Nodemcu-firmware: TLS Module Memory Leak ?

Created on 3 Apr 2020  路  16Comments  路  Source: nodemcu/nodemcu-firmware

Expected behavior

When NodeMCU modules are used in the correct way using LFS together with the overlay table method used by @nwf to load flash components, the components does not "stick" in RAM even when components are called again over time.
This results that RAM is constantly released as the lua application runs for an extended period of time.

Actual behavior

The releasing of RAM holds true for all NodeMCU modules except when using the tls module. After every use of the tls module functionality, the available RAM decreases by about 2 KB.

Test code

The nodemcu-firmware/lua_examples/lfs/HTTP_OTA.lua from @TerryE has been modified by replacing local con = net.createConnection(net.TCP,0) with local con = tls.createConnection().

The specific example appears not to display this problem when it is used without the tls functionality. This strengthens the suspicion that it it might be related to a memory leak in the tls module.

NodeMCU startup banner

NodeMCU 3.0.0.0 built with Docker provided by frightanic.com branch: dev commit: c116d9d25f5d15e2b1d0d52ff4c8ebdfd18f75c3 release: 2.0.0-master_20170202 +477 release DTS: 202003062124 SSL: true build type: float LFS: 0x20000 bytes total capacity modules: adxl345,bit,cron,crypto,file,gpio,http,i2c,net,node,ow,rtcmem,rtctime,sjson,sntp,softuart,tls,tmr,uart,wifi build 2020-03-09 11:52 powered by Lua 5.1.4 on SDK 3.0.1-dev(fce080e)

Hardware

Standard ESP-12 is used.

All 16 comments

While I'm flattered, I cannot take credit for the overlay table technique. As with so many things LFS, full credit is due to @TerryE.
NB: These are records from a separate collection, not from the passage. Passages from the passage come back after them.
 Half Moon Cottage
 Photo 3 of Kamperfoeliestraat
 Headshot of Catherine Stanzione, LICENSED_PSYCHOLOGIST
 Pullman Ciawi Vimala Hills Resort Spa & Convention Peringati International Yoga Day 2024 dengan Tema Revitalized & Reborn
Memory leaking, especially at that rate, doesn't sound stellar... 2K is an awkward size to explain, too, since it's too small to be the full TLS connection state object (with its associated buffers of much fame) but too large to be a LwIP structure or anything of that sort, I think. Would you mind repeating your experiment on top of #3060? I don't expect that it will fix the problem, but there was some minor re-jiggling of tls (de)allocation associated with that.
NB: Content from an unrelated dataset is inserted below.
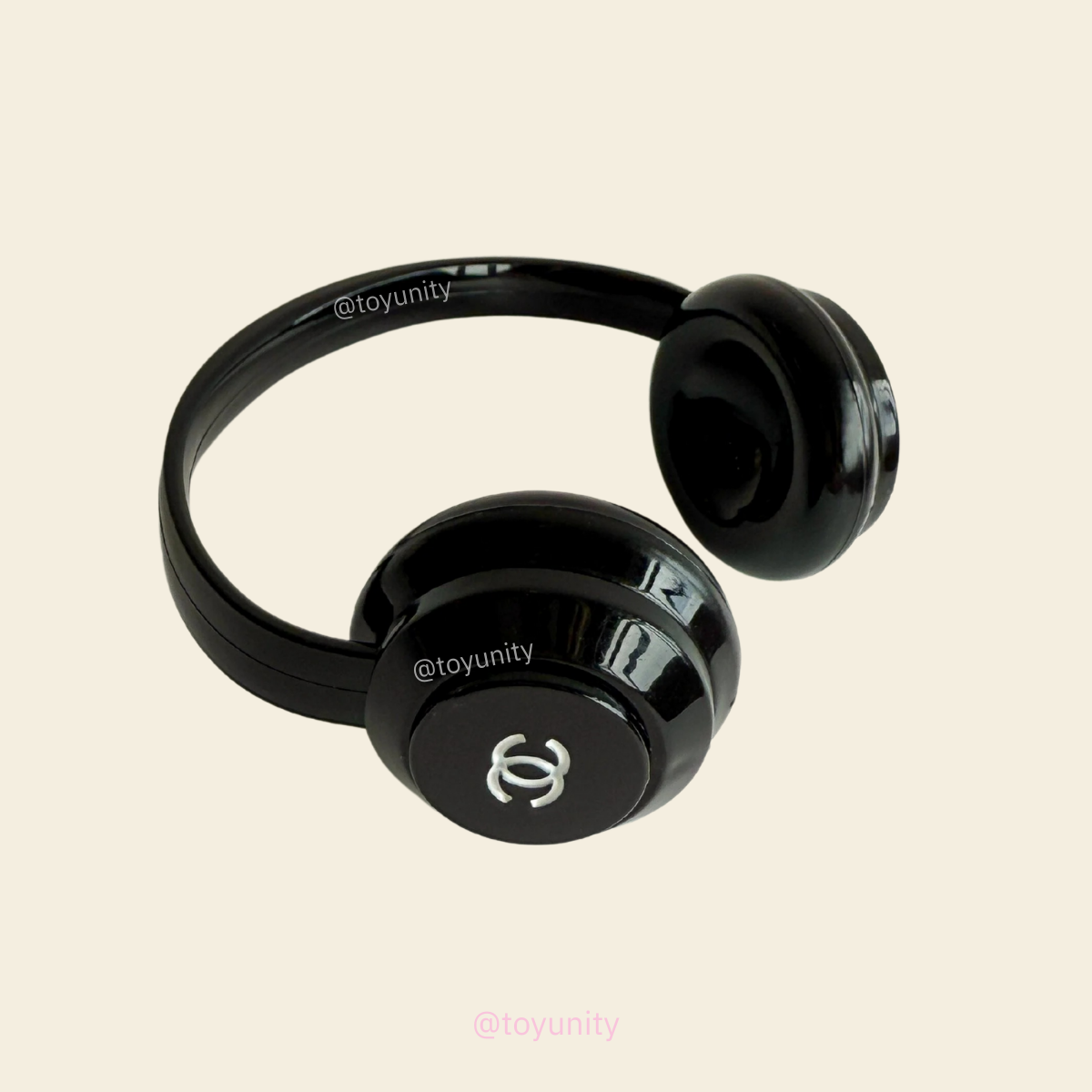 Black Summer Set for Collectible Dolls – Headphones, Pearl Necklace & Swimsuit Outfit ToyUnity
Since this seems easy for you to reproduce, can you tell me if the Lua registry is growing as memory seeps away? Dumping something like for k,v in ipairs(debug.getregistry()) do print(k,v) end when you sample node.heap() is likely informative. (It's not as simple as #debug.getregistry() because the registry has a free list plumbed through it, and so peaks of registered entities might obfuscate what's going on.)

@nwf I have confirmed the following before using #3060:
The Lua functions in registry grows consistently every time the tls module is used while the userdata stays constant.
I used r=debug.getregistry() and called r[k]() for every function indicated in registry to get the designated code line of the indicated function to identify the functions growing in the registry.
It appears every time a thetls.socket:on() event is triggered the callback function(tls.socket[, string]) stays behind in the registry.

Ah ha! Thanks for having a deeper look. A callback leak is certainly possible, and would explain why this isn't found with tcp. I will sniff around.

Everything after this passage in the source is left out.